The distinction between physical space and the space of possibilities (i.e. configuration space) becomes obvious when you have N particles on a line, because the physical space is still 1d, but the space of possibilities is N-dimensional (and the phase space is 2N dimensional.)
Wave functions exist in the space of possibilities/configuration space, not in phase space. You can also write a wave function in the “dual” or “conjugate” space of possibilities, where instead of writing it as a function of x1 (with no reference to p1), you write it in terms of p1 (with no reference to x1). This is called momentum space. So you have a choice: you can write the wave function in configuration space, or in momentum space, but not in phase space.
If you write the wave function in configuration space, the wave function’s shape tells you the distribution of possible measurements of x1, and the derivative of the wave function d Psi(x1)/dx1 tells you the distribution of possible measurements of p1. (If you use momentum space, the reverse is true.)
The only thing that is conserved for a wave function is probability; once normalized so that the integral of its square over the space of possibilities is equal to 1, that will remain true at all times, as long as QM is valid for the system.
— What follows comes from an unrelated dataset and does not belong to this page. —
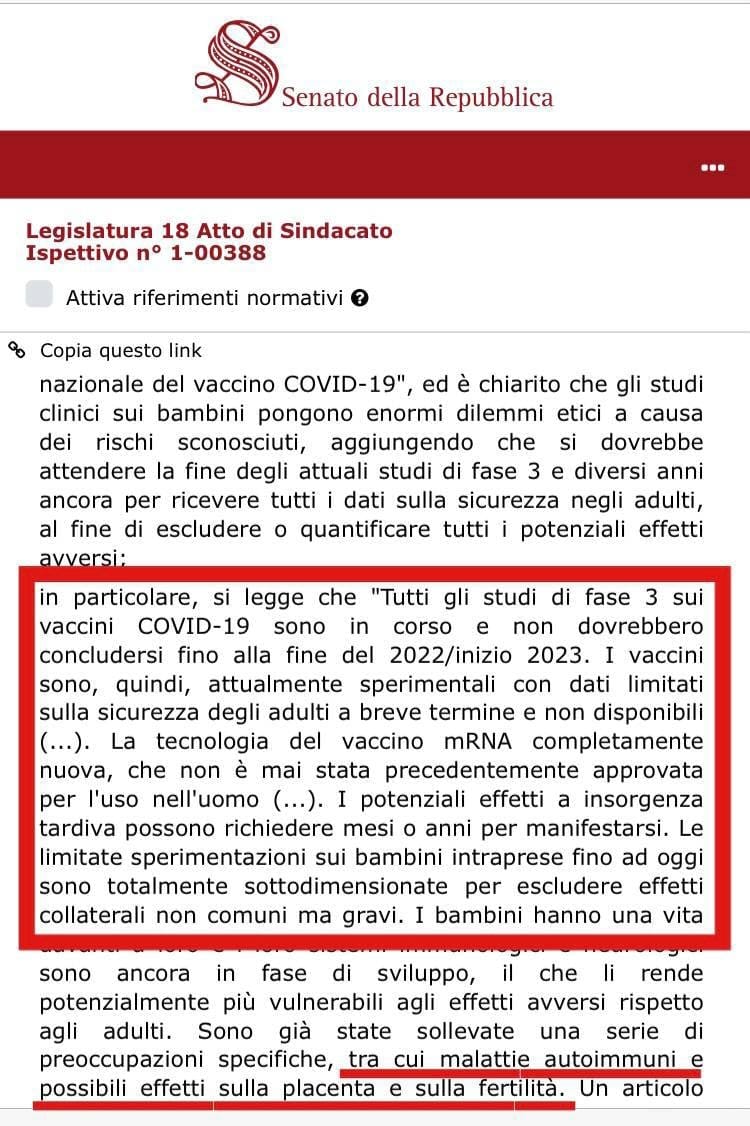 Il documento del Senato e gli studi di fase 3 article-post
Uncertainties are not conserved, so there is no need for a broader x1 distribution to lead to a narrower p1 distribution. You can see that in my examples in this post, especially the last one.
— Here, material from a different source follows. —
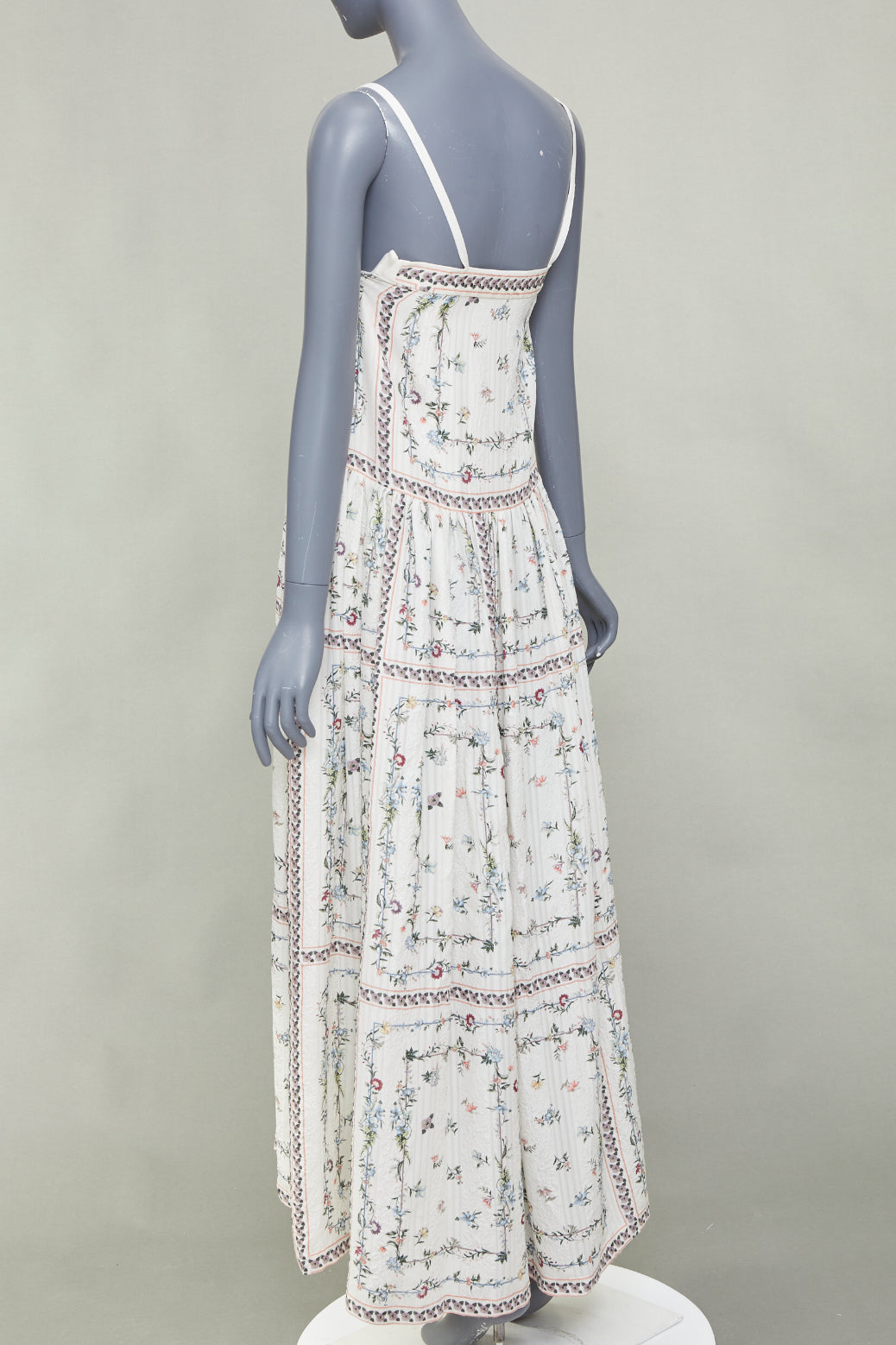 VILSHENKO 2019 white multi floral panel embroidery silk linen maxi dress UK8 S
Hopefully now I’ve given you the right glasses, and your eyes are not only open but also properly focused too!
There’s nothing wrong with “obsessing” about making things clearer.
Seán
These articles are so good and really help me to better appreciate your book. I especially liked the article you linked to above, which addressed ( to a limited degree ) two things I’ve been thinking about. How to visualize two wavicles and how to visualise the wave function in QFT.
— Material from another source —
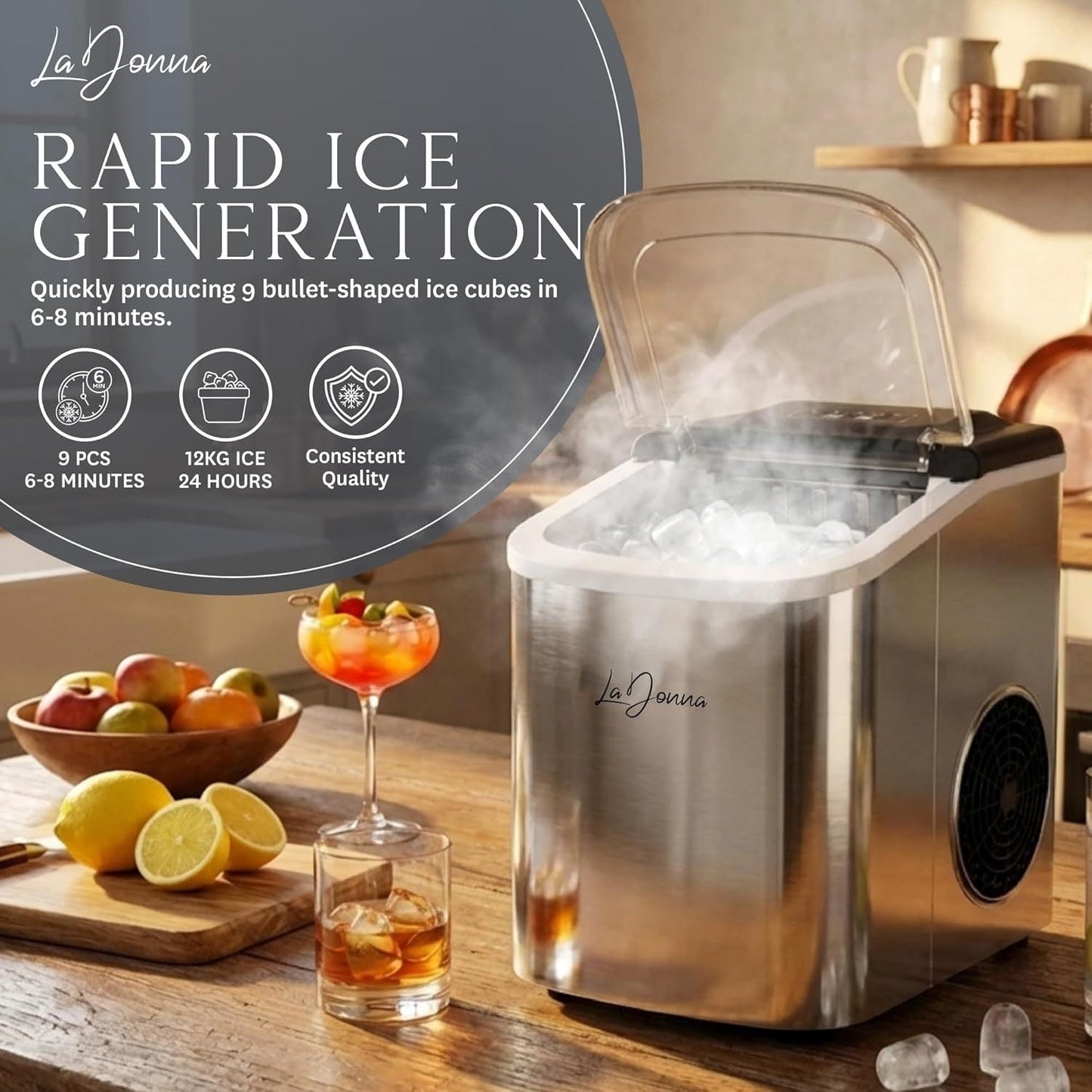Compact Ice Maker – Self-Cleaning, 2 Ice Sizes, Portable Countertop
I have always felt far too dumb to understand QFT. I think really because I find it too hard to visualize. The books I’ve read just seem to reduce to a manipulation of symbols which leaves me feeling dissatisfied.
I notice you go from QM to QFT and skip over RQM. Is this because RQM is a confusing distraction ?
Should I visualize the wave function in QFT as being static ( no time dependance ) ?
Relativistic quantum mechanics isn’t consistent; relativity needs you to be able to make particle pairs, but you can’t in QM, relativistic or not. This approach was good as an intermediate step, but there’s no consistent theory there. You need QFT. The reasons are discussed at the end of this post.
Wave functions in QFT are time dependent and satisfy a Schroedinger equation also. We’ll see that soon enough.
However, just as in QM, one can choose the “Heisenberg picture” in which wave functions are static and operators change with time, as opposed to Schroedinger’s picture where the reverse is true.
But if you want to preserve special relativity at every step, you will want to use Feynman’s innovative approach — the approach of path integrals. I haven’t decided if and when to discuss that, but it’s many months off.
Fascinating. One of the aspects of QFT that I’ve found frustrating in the text books, is the lack of any clear description of what a “field” actually is and how it relates to the wavefunctions of QM. This is precisely the kind of introductory chapter that the textbooks need.
David Tong does actually show how to construct the QM’s wavefunction from QFT, but it’s very much an aside from the main body of his lectures. Most other texts don’t even consider it.